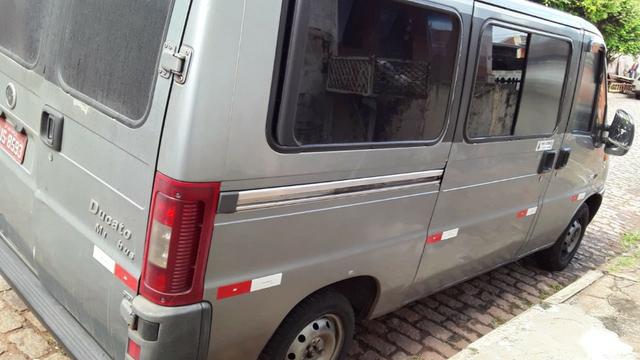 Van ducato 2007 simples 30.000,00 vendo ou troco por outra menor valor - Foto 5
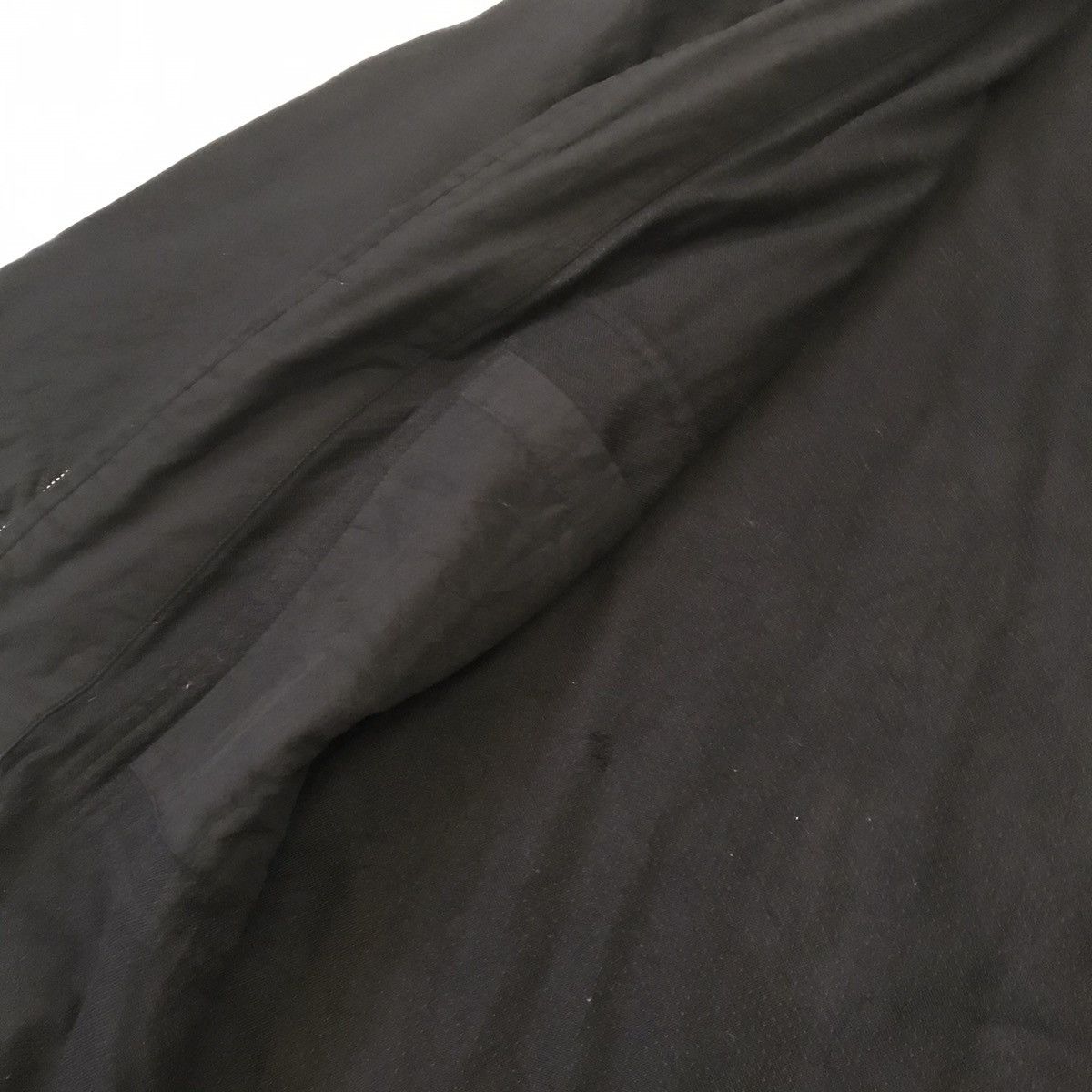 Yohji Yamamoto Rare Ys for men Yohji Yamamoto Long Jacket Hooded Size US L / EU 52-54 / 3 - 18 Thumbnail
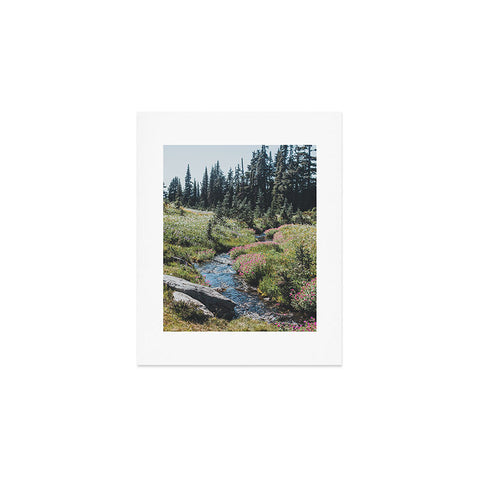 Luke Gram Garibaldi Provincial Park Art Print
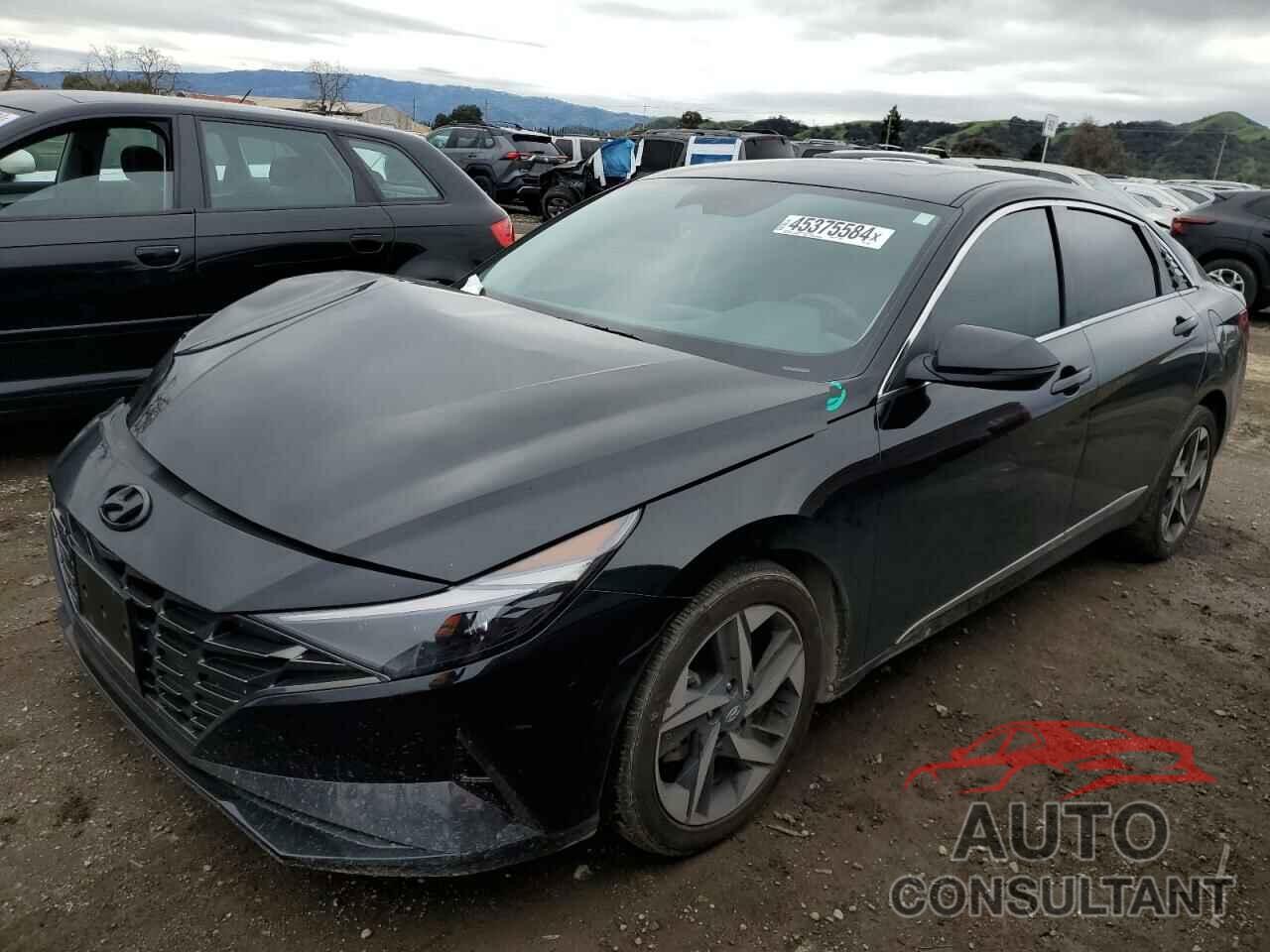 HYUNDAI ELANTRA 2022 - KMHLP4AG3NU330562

#### What the task asks:
Set down exactly, line for line, the data from the line that contains "Luke Gram Garibaldi" through its last line, keeping pictures out.

#### Response to this exercise:
 Luke Gram Garibaldi Provincial Park Art Print
 HYUNDAI ELANTRA 2022 - KMHLP4AG3NU330562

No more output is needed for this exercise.